At four and a half, Sunshine is deep into the tattling phase. While I should be pleased (and am) that she is moving beyond her stop-and-wail-when-things-don't-go-her-way phase, the tattling phase presents it's own challenges. Helping my daughter understand that there is an appropriate time for telling important information, and times to ask for help handling a situation, but learning to discern that from tattling is going to be a challenge to be sure. She so loves the tattling.
I realized over the weekend that perhaps this is a good thing overall. The boys could use a little refresher course in what it means to tattle versus tell (or ask for help). Heck, I could, too. It all started with wanting to get some extra sleep.
What's the difference anyway?
Over the weekend, the kids were up before me. My husband was at work. I really wanted to doze. Sunshine really wanted breakfast. After asking her to ask her brothers for help - and her brothers refusing because they were absorbed in a computer game - Sunshine promptly came up to tell me. But did she tattle or did she tell? And what is the difference anyway?

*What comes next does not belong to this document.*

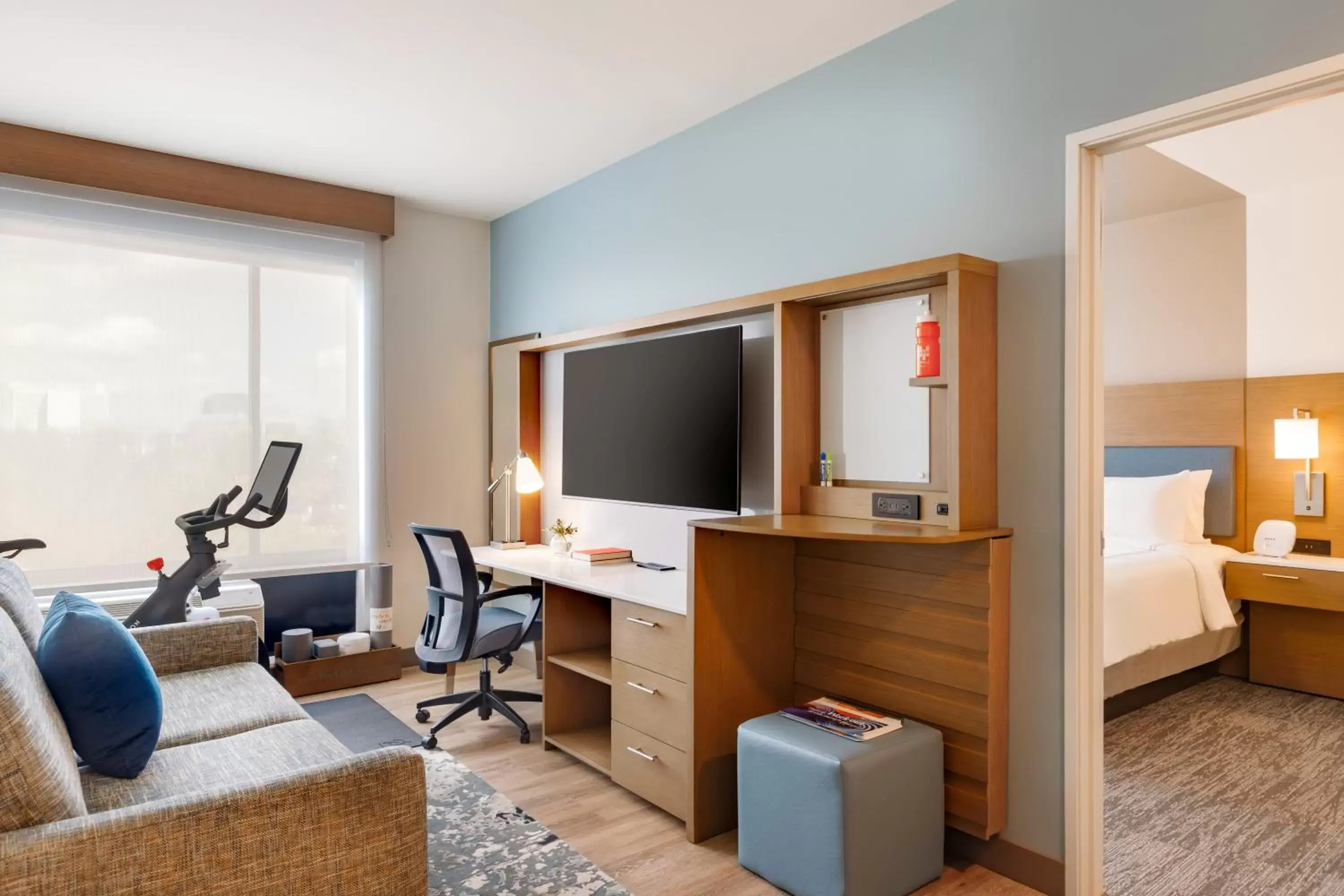 Living room, TV/Entertainment Center in EVEN Hotels Rochester - Mayo Clinic Area, an IHG Hotel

A simple way to decide whether it's tattling or telling is to ask whether the intent was to get someone in trouble and/or to get one up on the tattle-ee. Telling is about safety and times when real help is needed. It can be more nuanced than that, it's true, but those are the basics.
Asking for help and working as a team
After concluding that Sunshine had elements of both in her actions, I talked to the kids about tattling versus telling, about helping versus hurting, and about how we as a family are a team. Sunshine needed help getting breakfast - but she did intend to get her brothers in trouble, too. She could have asked for help (again) from me rather than point the finger at the brothers first. The boys could have argued that it was my responsibility to get her (and them) fed, but I could have argued back that a pause in the game to get some cereal for their sister would have been a nice thing to do. Not to mention what they would have wanted someone to do for them.
We talked about the ways in which the boys have been tattling on one another a fair bit lately - and that I haven't been calling them on it. I need to change that - and recognize that they are getting better of tattling in subtler ways. Although perhaps what one is tattling on the other is information I'd like to know, I need to discourage the tattling aspect and figure out ways to get that information in a more appropriate manner.
We talked about the appropriate times to tell, and how to ask for help in a situation they are having trouble handling - and one in which they might be tempted to tattle. I have to remember when they come to me asking for help that I give them tools for managing such a situation, and don't just jump in and do it for them. When appropriate, anyway.
I'm under no delusions that this is going to be resolved right away. There will be tattling and there will be telling. And there likely will be no extra rest for me.